Ainsi personne ne s’intéresse aux véritables réformes : elles demandent trop de patience, trop de modestie; puis elles n’ont guère de place dans le régime parlementaire, où les discussions viennent jour par jour, selon l’intérêt du moment. Qu’un orateur s’avise de parler des canaux, des chemins de fer, des échanges à propos de la marine, l’auditoire distrait ne suit pas le fil et le rappelle à la question. Dans l’indifférence générale, si la politique ne pénètre par aucun joint et ne tourne pas le vote contre les ministres, le dernier mot reste aux hommes spéciaux : ceux-ci n’ont pas un intérêt pressant dans les réformes lointaines dont ils ne verront pas les suites, mais ils appellent sur leur champ cette pluie bienfaisante des primes, des indemnités publiques; aussi font-ils une peinture touchante de leurs misères. Ils emportent du même coup le vote et la surtaxe. En vain quelques prophètes annoncent qu’on sera contraint de l’abolir dans six mois. L’événement leur donne raison, et six mois après les mêmes mains détruisent ce qu’on édifiait la veille. Seulement on ferme la bouche aux intérêts en décidant qu’une commission va s’ingénier à trouver le grand remède.

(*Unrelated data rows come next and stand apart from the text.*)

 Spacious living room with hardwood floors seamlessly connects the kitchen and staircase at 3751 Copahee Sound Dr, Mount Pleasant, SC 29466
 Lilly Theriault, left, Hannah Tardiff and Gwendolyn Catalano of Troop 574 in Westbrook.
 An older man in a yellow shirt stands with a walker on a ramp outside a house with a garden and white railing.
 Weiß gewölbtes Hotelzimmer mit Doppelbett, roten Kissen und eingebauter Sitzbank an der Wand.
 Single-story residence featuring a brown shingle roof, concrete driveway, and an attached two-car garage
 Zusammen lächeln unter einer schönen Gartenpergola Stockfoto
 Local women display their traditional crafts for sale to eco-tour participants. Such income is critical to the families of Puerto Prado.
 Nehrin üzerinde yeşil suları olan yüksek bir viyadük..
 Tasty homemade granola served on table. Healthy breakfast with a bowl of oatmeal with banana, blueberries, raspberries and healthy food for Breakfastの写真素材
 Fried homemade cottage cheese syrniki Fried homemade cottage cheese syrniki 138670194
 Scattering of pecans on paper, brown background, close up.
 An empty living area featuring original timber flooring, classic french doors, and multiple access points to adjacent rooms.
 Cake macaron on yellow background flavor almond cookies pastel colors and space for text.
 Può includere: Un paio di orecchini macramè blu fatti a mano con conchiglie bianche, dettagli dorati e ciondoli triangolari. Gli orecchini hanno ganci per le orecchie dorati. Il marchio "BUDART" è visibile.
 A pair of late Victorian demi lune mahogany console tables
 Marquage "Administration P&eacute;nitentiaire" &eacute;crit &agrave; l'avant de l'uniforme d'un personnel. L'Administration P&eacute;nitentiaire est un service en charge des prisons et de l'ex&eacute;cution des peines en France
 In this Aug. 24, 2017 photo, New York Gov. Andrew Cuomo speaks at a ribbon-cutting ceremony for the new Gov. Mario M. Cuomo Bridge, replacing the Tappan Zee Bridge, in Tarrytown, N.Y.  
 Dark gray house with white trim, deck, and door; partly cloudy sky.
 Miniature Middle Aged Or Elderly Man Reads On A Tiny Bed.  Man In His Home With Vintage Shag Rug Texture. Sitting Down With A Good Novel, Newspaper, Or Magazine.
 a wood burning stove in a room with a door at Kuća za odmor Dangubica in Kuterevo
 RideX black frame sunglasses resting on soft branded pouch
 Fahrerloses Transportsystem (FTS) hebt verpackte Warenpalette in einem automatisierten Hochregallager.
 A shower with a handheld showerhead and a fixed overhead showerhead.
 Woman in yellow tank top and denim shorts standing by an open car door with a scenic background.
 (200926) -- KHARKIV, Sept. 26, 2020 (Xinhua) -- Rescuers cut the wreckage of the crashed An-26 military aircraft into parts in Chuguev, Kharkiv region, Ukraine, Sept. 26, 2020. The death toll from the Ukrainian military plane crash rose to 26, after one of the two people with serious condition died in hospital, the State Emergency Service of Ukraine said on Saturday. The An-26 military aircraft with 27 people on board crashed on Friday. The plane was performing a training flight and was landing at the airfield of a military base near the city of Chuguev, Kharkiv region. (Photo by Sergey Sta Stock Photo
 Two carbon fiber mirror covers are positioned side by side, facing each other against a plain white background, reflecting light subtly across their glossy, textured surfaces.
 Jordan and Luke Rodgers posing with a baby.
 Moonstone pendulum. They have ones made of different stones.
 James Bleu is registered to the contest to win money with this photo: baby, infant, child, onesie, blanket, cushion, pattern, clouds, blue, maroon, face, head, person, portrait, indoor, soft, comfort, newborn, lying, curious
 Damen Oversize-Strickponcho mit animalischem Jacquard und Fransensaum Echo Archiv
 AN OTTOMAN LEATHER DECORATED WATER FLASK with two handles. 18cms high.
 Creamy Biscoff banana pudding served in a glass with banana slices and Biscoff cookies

Une commission formée de beaucoup de membres, attentive aux avis divers, est très propre à élaborer un projet de loi, dont elle pèse à loisir les termes; mais elle n’a point qualité pour examiner des mesures d’exécution. C’est trop lui demander que de vouloir qu’elle ait du génie, à moins de lui donner la toute-puissance des comités révolutionnaires. Toute réforme est une campagne entreprise contre les intérêts. On craint si fort de les froisser que personne ne veut encourir la responsabilité de la première attaque. Le pouvoir exécutif renvoie l’affaire devant le parlement, et le parlement se décharge sur une commission, où l’on a soin de placer quelques négocians qui sont juges dans leur propre cause. On y voit aussi des membres compétens et désintéressés; mais que peuvent-ils faire? Rendre des lois? On en avait préparé d’excellentes dès 1867 dans le sein d’un véritable comité d’étude : elles mettaient en harmonie le code de commerce avec les nouveaux besoins de la marine; mais ce sont des lois, et l’on veut autre chose. Va-t-on tracer des canaux, fonder des entrepôts, organiser le crédit? La commission ne doit pas sortir de son petit domaine, ni remonter aux sources. Peut-elle au moins rétablir les surtaxes? Nullement; nous sommes liés par des engagemens avec les autres puissances : la franchise des pavillons a été mêlée fort adroitement à des concessions particulières, et l’on ne peut la reprendre qu’à l’expiration des traités.